Asian, Desi and Pacific Islander Collective holds annual Mid-Autumn Moon Festival
The Mid-Autumn Moon Festival is an annual Chinese celebration dating back to the Zhou dynasty. At Humboldt State, the Asian, Desi and Pacific Islander Collective observed the traditional holiday with a free event on campus. Students and members of the community were invited to enjoy food and conversation with others in the Kate Buchanan Room.
Attendees were provided utensils to paint Chinese characters throughout the event and of course, enjoy mooncakes to properly celebrate the creation of their art. Mooncakes are a wheat based pastry seen as an essential part of the festival in Chinese culture.
A short presentation from the ADPIC officers helped show the meaning of the event. They talked about how the Mid-Autumn Moon Festival is traditionally a time to spend with family or in absence, think of family members.

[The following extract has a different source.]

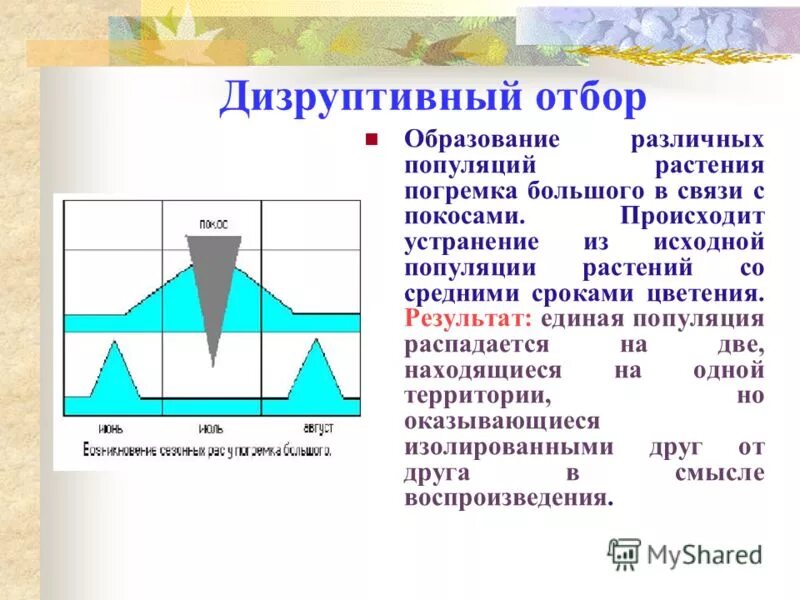 дизруптивный естественный отбор график. пример действия дизруптивной формы естественного отбора. разрывающий отбор результат. разрывающий отбор кратко. разрывающий отбор результат.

After this, ADPIC member Jonathan Haeteurn and fellow Humboldt Rockers’ member Romel Robinson entertained the crown by break dancing. The dance may not have been expected from the event, but it was very well received with Haeteurn and Robinson being applauded throughout the performance.

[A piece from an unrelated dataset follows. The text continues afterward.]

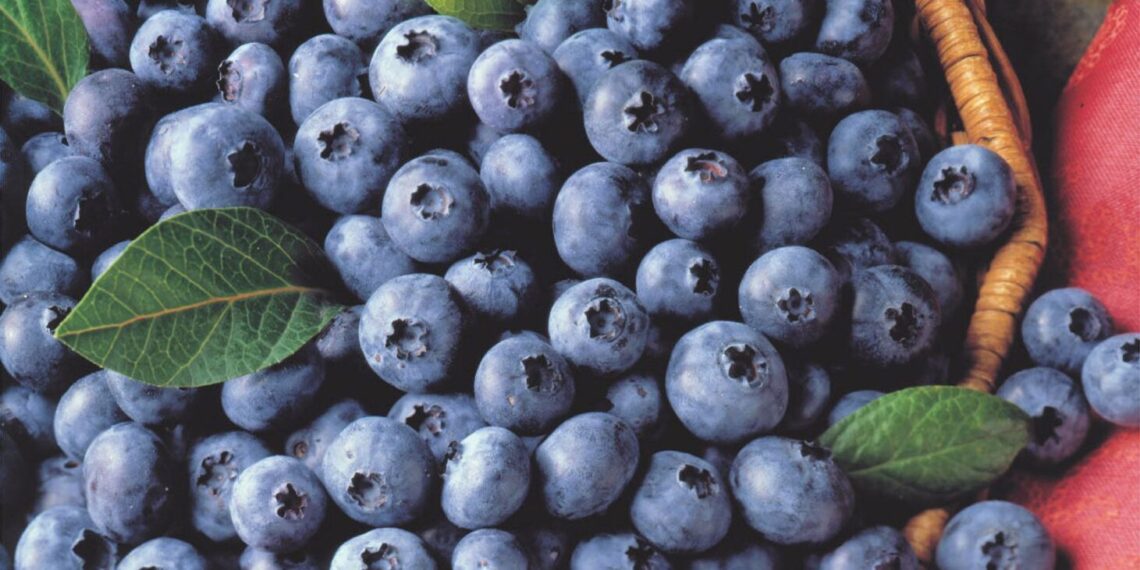 5 foods to calm anxiety and reduce depression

“I want students, like me, to feel like they’re welcome. I’m from Kansas City. I get out here and there’s no one here that looks like me, I feel like I don’t belong. I feel like I’m always having to bring my chair to the table.”Tammy Phrakonkham
Maria Castillo took her friend Afua Mensah to the event after hearing about it earlier that day. Mensah was happy that she had decided to join Castillo for her first Mid-Autumn Festival and said that she might be interested in attending more ADPIC events in the future.
“I really enjoyed it,” Mensah said. “I’ve never had a mooncake before so I’m like, ‘this is pretty good!’”
The event was marked as the first event for ADPIC since becoming an Associated Students program. ADPIC President Tammy Phrakonkham was happy with the turnout from the campus and community, especially considering the lack of attendance at the events earlier in the week. She also believed that the amount of people that came out proved that there should be more support for the program from the school.
“I want students, like me, to feel like they’re welcome,” Phrakonkham said. “I’m from Kansas City. I get out here and there’s no one here that looks like me, I feel like I don’t belong. I feel like I’m always having to bring my chair to the table.”
The ADPIC program passed around a petition supporting the goal of eventually having an ADPIC center on campus strictly dedicated to the progress and success of the program. In addition to aiming for a center space, the program recently procured a garden plot from the Campus Center for Appropriate Technology with the hopes of adding workshops for students to make different cultural cuisines.
“For five years prior, we were a club,” Phrakonkham said. “We have always been trying to fight to have our own center because a lot of the students felt like we weren’t represented here. When you think of Asians you aggregate that they’re all smart, they’re all rich or whatever. But half of us are South Asians or Southeast Asians. We’re also first generations and children of refugees.”